Starting the disk failure recovery

This topic lists the steps to start the disk failure recovery.

  1. To check the disks that are not in the Ready state, run the mmlsdisk -e command.
  2. Resume the disks that have the Suspended status.
    If there are multiple suspended disks, create a file that lists all the suspended disks one nsd name per line before you resume the disks. Resume the suspended disks by issuing the following command:
    mmchdisk <fsName> resume -d <suspendDisk:List>

    Check the disk status again by running the mmlsdisk -e command and confirm that all disks are now in the Ready state. If some disks are still in the Suspended state, there might be a hardware media or a connection problem. Save the names of these disks in the brokenDiskList file.

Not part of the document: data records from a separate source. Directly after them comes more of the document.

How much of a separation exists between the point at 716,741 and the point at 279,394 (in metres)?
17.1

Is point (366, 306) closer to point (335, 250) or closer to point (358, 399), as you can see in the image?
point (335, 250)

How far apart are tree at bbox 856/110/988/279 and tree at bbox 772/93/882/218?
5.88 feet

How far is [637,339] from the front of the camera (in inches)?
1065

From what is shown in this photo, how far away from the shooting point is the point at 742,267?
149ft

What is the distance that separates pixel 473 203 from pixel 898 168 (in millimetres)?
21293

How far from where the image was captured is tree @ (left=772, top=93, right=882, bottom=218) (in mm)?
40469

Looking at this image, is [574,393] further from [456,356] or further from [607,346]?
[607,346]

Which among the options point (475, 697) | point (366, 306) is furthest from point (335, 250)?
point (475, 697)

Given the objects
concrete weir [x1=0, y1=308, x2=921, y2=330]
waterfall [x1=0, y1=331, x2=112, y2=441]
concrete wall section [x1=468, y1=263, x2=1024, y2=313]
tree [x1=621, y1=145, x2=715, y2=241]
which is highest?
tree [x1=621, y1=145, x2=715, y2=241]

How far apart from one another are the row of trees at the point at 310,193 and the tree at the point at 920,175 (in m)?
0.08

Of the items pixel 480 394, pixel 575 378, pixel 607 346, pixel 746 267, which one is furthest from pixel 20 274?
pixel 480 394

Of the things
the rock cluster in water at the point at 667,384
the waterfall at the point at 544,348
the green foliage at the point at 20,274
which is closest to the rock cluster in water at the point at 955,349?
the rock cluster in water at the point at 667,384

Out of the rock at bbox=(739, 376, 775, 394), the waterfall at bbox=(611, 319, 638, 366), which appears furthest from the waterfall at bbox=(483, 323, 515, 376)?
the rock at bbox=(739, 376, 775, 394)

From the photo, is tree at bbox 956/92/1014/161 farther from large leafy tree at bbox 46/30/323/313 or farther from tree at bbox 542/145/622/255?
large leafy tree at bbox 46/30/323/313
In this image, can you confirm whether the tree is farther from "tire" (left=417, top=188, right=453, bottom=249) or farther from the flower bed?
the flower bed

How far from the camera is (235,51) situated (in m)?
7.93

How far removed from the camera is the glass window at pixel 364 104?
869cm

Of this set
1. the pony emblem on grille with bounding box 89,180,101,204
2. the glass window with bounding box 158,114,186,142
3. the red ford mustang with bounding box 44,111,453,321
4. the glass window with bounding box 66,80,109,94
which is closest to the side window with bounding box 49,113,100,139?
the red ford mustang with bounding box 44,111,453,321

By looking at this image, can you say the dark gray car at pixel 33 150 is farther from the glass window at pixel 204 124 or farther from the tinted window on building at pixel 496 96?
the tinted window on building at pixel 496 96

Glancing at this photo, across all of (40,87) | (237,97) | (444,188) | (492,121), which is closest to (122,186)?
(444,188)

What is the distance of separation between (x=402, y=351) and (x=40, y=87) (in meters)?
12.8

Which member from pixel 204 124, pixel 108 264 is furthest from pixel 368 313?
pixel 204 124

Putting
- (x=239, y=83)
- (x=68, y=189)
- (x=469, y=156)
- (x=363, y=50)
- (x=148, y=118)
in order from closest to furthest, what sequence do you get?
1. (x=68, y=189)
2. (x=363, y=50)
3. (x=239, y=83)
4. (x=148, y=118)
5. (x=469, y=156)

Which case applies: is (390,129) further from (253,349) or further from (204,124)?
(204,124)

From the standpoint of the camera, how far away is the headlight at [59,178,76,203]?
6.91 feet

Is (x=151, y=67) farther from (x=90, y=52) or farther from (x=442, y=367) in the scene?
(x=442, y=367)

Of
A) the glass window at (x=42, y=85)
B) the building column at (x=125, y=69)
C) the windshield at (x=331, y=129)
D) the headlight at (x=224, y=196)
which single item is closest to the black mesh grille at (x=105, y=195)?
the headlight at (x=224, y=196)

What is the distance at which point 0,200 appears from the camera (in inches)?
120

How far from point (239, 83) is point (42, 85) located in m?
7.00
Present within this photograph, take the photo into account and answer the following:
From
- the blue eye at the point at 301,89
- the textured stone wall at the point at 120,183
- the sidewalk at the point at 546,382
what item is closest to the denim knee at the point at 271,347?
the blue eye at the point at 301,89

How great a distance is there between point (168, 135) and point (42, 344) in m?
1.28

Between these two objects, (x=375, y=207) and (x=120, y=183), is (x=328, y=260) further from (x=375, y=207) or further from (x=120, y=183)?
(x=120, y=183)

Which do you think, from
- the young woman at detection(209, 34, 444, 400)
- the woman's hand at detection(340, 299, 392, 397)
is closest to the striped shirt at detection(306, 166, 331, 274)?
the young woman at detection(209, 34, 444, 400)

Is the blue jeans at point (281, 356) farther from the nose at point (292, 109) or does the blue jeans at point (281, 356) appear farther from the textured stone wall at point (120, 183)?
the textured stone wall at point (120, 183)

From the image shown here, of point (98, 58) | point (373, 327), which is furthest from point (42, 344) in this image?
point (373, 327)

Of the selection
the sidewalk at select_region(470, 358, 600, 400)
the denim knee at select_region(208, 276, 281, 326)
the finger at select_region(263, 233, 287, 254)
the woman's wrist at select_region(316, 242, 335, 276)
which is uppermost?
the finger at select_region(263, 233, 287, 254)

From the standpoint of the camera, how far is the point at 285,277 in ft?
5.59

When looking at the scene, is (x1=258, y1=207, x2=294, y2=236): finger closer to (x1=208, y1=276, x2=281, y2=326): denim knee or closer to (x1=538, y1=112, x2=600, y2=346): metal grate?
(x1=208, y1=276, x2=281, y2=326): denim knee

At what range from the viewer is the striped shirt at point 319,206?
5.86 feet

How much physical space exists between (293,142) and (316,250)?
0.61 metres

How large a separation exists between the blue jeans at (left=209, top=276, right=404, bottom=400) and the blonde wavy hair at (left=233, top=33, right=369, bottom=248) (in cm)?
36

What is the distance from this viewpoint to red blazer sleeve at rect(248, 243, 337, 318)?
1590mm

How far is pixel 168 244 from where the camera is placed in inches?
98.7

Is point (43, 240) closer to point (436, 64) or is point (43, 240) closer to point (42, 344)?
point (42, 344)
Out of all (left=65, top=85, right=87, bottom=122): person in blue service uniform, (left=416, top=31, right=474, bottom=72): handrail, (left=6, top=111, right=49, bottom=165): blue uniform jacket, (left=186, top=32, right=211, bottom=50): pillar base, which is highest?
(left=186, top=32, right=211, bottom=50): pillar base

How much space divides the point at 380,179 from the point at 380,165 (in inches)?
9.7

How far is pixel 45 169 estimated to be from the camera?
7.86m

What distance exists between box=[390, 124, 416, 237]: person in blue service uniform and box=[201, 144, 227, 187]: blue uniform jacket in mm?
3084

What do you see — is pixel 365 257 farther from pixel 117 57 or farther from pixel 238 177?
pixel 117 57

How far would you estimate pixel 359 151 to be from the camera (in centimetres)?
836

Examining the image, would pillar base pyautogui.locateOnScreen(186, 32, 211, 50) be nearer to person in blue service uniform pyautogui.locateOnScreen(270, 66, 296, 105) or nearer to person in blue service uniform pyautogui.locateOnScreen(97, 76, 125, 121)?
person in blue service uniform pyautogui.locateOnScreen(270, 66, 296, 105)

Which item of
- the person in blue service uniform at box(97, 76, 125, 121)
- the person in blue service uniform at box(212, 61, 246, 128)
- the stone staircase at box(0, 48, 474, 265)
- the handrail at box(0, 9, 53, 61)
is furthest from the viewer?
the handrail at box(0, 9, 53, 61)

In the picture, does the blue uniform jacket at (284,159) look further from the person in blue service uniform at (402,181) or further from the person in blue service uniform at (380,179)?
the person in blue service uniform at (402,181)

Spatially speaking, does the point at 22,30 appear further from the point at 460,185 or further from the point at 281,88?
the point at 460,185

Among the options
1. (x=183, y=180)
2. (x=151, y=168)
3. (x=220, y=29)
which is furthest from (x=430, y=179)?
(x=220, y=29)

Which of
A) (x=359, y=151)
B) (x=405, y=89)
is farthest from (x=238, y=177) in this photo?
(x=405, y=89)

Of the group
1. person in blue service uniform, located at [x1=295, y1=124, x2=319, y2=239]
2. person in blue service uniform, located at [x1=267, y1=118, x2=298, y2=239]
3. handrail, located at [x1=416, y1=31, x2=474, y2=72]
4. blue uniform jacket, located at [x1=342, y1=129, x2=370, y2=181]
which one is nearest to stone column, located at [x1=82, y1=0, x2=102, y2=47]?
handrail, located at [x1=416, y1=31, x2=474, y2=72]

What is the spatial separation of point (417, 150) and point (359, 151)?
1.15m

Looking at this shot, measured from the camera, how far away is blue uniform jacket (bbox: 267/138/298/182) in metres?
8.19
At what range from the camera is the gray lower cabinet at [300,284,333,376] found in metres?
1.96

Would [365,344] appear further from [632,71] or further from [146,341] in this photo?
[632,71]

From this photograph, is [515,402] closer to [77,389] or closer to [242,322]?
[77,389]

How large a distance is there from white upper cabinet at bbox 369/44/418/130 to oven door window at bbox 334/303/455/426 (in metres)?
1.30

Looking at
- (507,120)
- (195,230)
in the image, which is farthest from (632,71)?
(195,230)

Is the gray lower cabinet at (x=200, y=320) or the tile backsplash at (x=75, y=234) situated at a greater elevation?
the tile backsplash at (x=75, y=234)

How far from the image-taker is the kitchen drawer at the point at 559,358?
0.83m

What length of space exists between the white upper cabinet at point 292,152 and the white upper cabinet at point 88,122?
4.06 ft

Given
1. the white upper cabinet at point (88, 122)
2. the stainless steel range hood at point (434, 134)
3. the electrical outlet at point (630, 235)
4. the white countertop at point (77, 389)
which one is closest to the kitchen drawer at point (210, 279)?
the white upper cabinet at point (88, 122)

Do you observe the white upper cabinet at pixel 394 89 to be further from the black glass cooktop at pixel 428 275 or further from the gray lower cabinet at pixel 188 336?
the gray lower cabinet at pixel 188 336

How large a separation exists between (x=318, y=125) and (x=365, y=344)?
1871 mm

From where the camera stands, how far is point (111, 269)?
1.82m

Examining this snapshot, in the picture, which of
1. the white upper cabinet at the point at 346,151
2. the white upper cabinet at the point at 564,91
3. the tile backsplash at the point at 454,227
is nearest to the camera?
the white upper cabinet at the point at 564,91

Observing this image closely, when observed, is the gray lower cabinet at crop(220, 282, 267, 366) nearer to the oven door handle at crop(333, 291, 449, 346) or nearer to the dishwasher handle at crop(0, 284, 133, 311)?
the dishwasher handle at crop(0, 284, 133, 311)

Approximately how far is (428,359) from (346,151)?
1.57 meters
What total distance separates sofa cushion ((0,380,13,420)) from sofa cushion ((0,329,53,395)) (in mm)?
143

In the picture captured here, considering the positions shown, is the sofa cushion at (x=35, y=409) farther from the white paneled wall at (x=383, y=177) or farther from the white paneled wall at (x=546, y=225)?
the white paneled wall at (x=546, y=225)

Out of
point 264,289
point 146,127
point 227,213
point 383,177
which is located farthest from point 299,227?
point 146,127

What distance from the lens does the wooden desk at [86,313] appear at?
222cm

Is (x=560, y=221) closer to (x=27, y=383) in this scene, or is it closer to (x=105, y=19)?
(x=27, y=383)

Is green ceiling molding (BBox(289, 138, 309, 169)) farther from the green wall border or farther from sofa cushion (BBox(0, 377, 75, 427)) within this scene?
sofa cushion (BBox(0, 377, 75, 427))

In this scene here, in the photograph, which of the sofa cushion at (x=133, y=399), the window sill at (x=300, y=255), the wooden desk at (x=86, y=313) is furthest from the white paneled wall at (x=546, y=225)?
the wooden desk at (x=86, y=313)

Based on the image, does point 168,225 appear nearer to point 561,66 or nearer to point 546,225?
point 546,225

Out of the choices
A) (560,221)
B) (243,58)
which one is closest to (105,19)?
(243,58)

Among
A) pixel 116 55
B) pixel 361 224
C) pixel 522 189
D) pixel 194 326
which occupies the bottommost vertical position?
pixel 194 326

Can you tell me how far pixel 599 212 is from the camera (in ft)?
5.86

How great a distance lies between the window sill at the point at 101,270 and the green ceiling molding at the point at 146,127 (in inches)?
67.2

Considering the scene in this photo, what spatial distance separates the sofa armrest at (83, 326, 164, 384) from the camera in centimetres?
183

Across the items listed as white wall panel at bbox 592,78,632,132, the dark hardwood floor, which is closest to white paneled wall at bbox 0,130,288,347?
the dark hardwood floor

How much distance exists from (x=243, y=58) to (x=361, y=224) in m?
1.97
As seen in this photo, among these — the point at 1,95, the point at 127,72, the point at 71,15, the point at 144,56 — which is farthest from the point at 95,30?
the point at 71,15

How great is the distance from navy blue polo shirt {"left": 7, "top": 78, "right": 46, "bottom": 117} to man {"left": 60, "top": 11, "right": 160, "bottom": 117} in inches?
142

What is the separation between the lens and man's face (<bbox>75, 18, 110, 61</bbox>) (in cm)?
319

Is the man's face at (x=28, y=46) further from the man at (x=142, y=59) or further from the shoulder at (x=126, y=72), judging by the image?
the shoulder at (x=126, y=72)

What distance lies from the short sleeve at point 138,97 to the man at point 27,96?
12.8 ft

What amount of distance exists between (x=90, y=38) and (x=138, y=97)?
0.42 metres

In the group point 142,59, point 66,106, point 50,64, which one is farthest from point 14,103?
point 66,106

  3. Save the disks that do not have the Up availability in the downDiskList file. Each line in downDiskList file stores a disk name. Start these disks by running the following command:
    mmchdisk <fsName> start -d <downDiskList>
    Check the disk status by running the mmlsdisk -e command to confirm that all disks have the Up availability. Disks that do not have the Up availability might have a hardware media or connection problem. Save the names of these disks in the tobeSuspendDiskList file. Suspend these disks by running the following command:
    mmchdisk <fsName> suspend -d <tobeSuspendDiskList>
  4. If a disk is in Suspended status after you restart it, there might be a hardware media or connection problems. To keep your data safe, migrate it to the suspended disks by running the following command:
    mmrestripefs <fsName> -r

    After a file system restripe, all data in the suspended disks is migrated to other disks. At this point, all the data in the file system has the desired level of protection.

  5. Check the disk connections and the disk media for disks that are in the Suspended state and repeat step 2 through step 4. If a failure occurs again, delete these disks from file system by running the mmdeldisk command.
    For example,
    mmdeldisk <fs-name> "broken-disk1;broken-disk2" 

    If one file has some replica on down disks and if you make an update against this replica on down disks, the inode gets marked with the dataupdatemiss or metaupdatemiss flags (if the replica on down disks is metadata, it will be metaupdatemiss; if the replica on down disks is data, it will be dataupdatemiss). You could run mmlsattr -d -L /path/to/file to check these flags. These two flags could only be cleaned by mmchdisk Device start. If some down disks cannot be brought back with mmchdisk Device start, these flags will be kept even if you run mmdeldisk or mmrestripefs -r. To remove these flags, you could stop one NSD disk and then run mmchdisk start to bring it back immediately. This will clean up all the missupdate flags.

    If you are unable to delete a broken disk, contact IBM® support.